トランプの次はバンス?日本企業の苦難は続くか
なぜ事態はこれほどまでに、こじれてしまったのか――最大の課題は、自身の成果をアピールする材料にしたいトランプ氏の思惑と、純粋にビジネスチャンスの拡大を目指す日本製鉄×USスチール、双方に大きなギャップがあることだろう。加えて、米国内のさまざまな手続きもハードルになる。
日本製鉄は、USスチールを完全子会社化するために米国政府と「国家安全保障協定」を結ぶことになる。この協定は、日本製鉄に複数の義務を課す。許可なくUSスチールの生産能力を一定期間削減しない、生産拠点を海外に移さない、CFIUSへ定期報告を怠らない、などだ。違反した場合、多額の罰金(制裁金)を支払うことになる。
また、トランプ氏は、6月4日から米国が輸入する鉄鋼・アルミニウム製品にかける追加関税を25%から50%へ引き上げることも表明した。国家安全保障体制の整備を名目に、USスチールが毎年一定の投資を行って雇用を増やし、その資金を親会社である日本製鉄が拠出するよう米政府が義務付ける懸念もある。
日本製鉄は、グローバルに事業運営の効率性を高めるためUSスチールの買収を発表した。しかしその計画は、米政権の介入により、当初予定とはかなり異なったものに変質しつつある。
特に、トランプ氏が再選した背景にある保守派層の「米国ファースト」の価値観は、簡単に崩れそうにないだろう。現在、米国の政界にはカリスマ性のある人材が見当たらないという。
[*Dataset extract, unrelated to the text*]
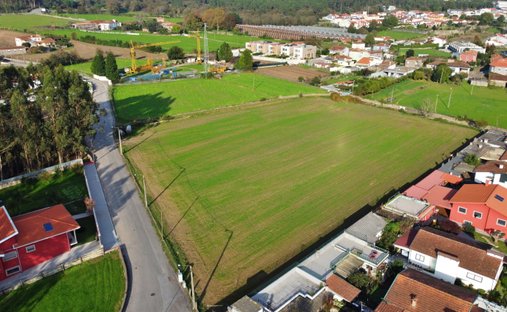 Land in Castelo da Maia, Porto District, Portugal 1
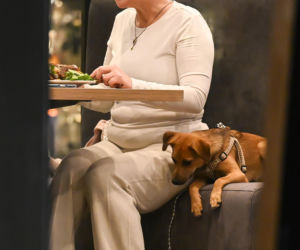 Monika Richardson z dzieckiem i pieskiem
知日派で知られたジョセフ・ナイ氏(ハーバード大学教授)、リチャード・アーミテージ氏(元国務副長官)が亡くなったことも痛手とみられている。
共和党内では、トランプ氏の次は「バンス副大統領が政策路線を継承する」との見方が有力だ。トランプ大統領の任期が終了した後も、米国政府が日本製鉄に、黄金株や国家安全保障協定を根拠に難題を突き付ける懸念は残るだろう。
日本製鉄の米国事業がどのように進むかはもちろん、日本企業が米国の政治に振り回されるケースはますます増えそうだ。